Tools
Everything Deadrop does in the browser, you can do from a terminal or your own infrastructure. One normative spec, one set of published test vectors, four implementations that all speak it: this site, the CLI, the self-host server, and the crypto library they share.
CLI
Send, receive, request, and claim one-time secrets from any shell. Encryption happens locally; the server only ever sees ciphertext — same guarantee as the website.
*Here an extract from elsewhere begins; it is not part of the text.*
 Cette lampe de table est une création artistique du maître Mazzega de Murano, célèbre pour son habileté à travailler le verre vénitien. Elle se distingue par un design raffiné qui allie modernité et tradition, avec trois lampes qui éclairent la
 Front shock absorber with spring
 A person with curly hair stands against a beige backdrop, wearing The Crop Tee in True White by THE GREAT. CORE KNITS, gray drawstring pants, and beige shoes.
npm install -g @deadrop/cli
deadrop send "the secret" # one-time link, burns on open
deadrop receive "<url>" # open and burn
deadrop request "staging DB password" # ask someone for a secret
deadrop fulfill "<request-url>" # answer a request
deadrop claim "<claim-url>" # collect the answer (burns it) Pipes work the way you'd hope (cat .env | deadrop send),
output has --json and --quiet modes
for scripting, and passwords prompt without echo. Source on GitHub · npm
Self-host server
Don't want to trust our infrastructure? Don't. The server is a single static Go binary in a ~10 MB image — SQLite storage, no external dependencies, full protocol including the request flow.
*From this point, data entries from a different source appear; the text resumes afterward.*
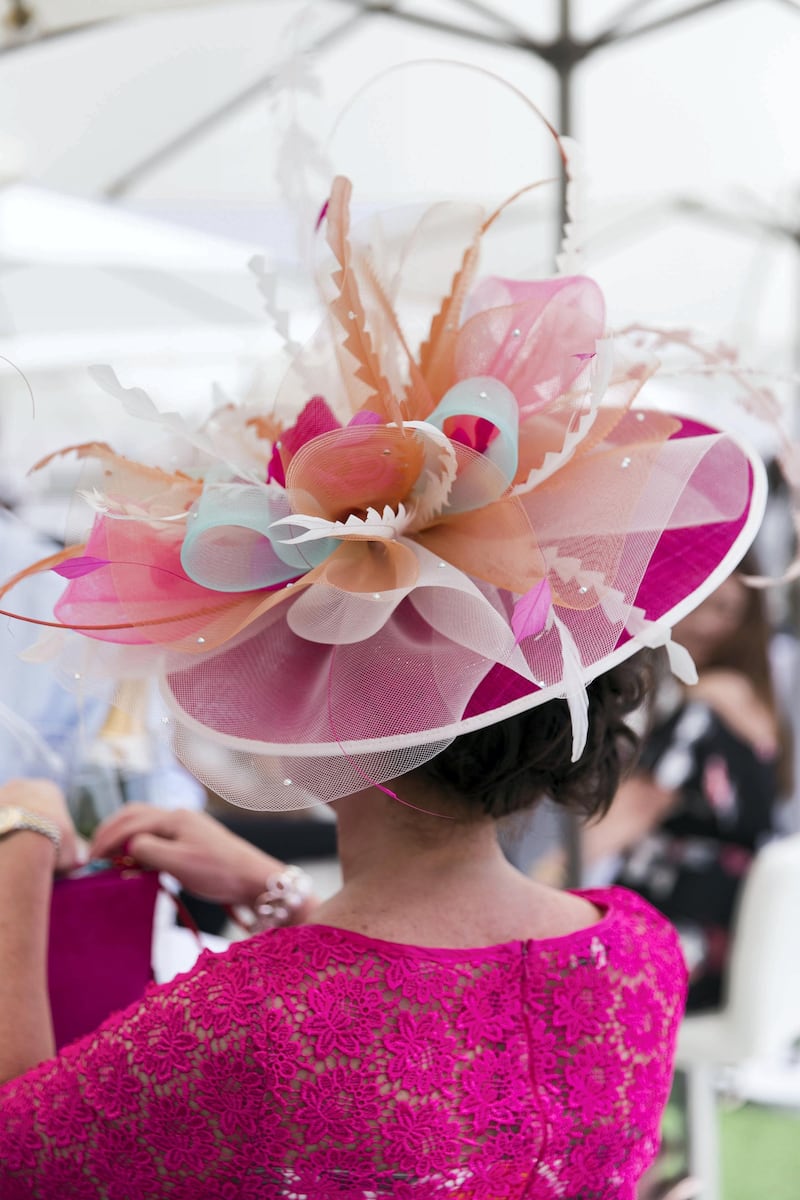 DUBAI, UNITED ARAB EMIRATES - MARCH 31, 2018. 

A woman wears a floral hat at Dubai World Cup 2018.

(Photo by Reem Mohammed/The National)

Reporter: 
Section: NA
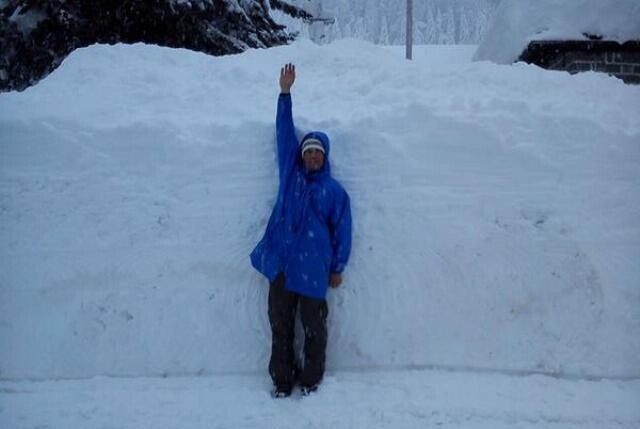 Pessoa com braço lavantado junto a dois metros de neve acumulada, em foto moderna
docker run -d --name deadrop \
-p 8080:8080 \
-v deadrop-data:/data \
ghcr.io/deadrop-dev/server:latest
deadrop send -s http://localhost:8080 "now it never leaves your network" The CLI and the web client work against any server that honors the spec — point them
at yours with -s or DEADROP_SERVER. Source on GitHub
Crypto library
The exact package this site runs in your browser — AES-256-GCM, PBKDF2 password derivation, and the ECDH request flow, built on the Web Crypto API with zero dependencies. Published test vectors pin every implementation to the same bytes.